Boland's fourth, and exceptionally brave, volume Night Feed was one of the most important volumes of Irish poetry produced by her generation, though it could not have been more unfashionable at the time, or more poorly welcomed. To the refined local ears of the elite establishment which continued to view 'women's' writing as a kind of provincial female backwater of domesticity and homelife, it must have seemed an astonishing choice. To her new feminist readership, the traditional female roles and values celebrated by the book seemed emphatically regressive. Not surprisingly then, the book was received on all sides with an embarrassed critical silence. One well-known male poet cited it, in a private conversation, as evidence that Boland's talent and ambition as a poet had gone seriously awry. There was, however, a huge, silent, powerless constituency for this volume: I can not count the number of times over the past decade that a woman in passing conversation has told me how much that book meant 'to those of us who were at home, raising our children and living that life'.
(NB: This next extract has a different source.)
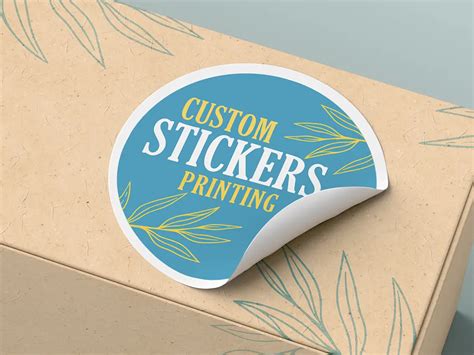 Custom Stickers Printed | Express digital printing of labels in custom shape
What was most anomalous about the silence which followed the release of Night Feed was that it was clearly Boland's breakthrough volume, in which she hit her stride as a poet, found her voice, and harnessed a poetic self to a powerful private vision. Thematically, the volume is centred in the series of domestic interiors it frames.

The precedents for these poems came not from verse but from painting. Boland turned to the still lives and domestic interiors of Jean Baptiste Chardin and Jan van Eyck, who, by recognizing the distinction in the homely, revealed their objects as much as they described them. Boland's technique of describing ordinary things with such fresh significance that they become a universe in themselves is learned from these painters. In 'Domestic Interior', a poem which takes van Eyck's The Arnolfini Marriage as its starting point, she explains:

     But there's a way of life
     that is its own witness:
     put the kettle on, shut the blind.
     Home is a sleeping child,
     an open mind
 
     and our effects,
     shrugged and settled
     in the sort of light
     jugs and kettles
     grow important by.

What gave this volume such rare lyric force was not just the happy combination of its fresh perspective, its thrillingly precise imagery, its clean-edged, uncluttered line, and speech rhythms, but the authoritative new voice it inscribed: ordinary, female and maternal. With the publication of Night Feed, a whole psychic terrain was written back into Irish poetry, one which restored its scope and complexity. Paradoxically, it was at this moment, when she was least visible to the literary mainstream, that Boland was in fact becoming the mainstream. Poems like 'Domestic Interior' and 'Night Feed' are written not, as her critics thought, from the outskirts of poetry, but from the lyric centre.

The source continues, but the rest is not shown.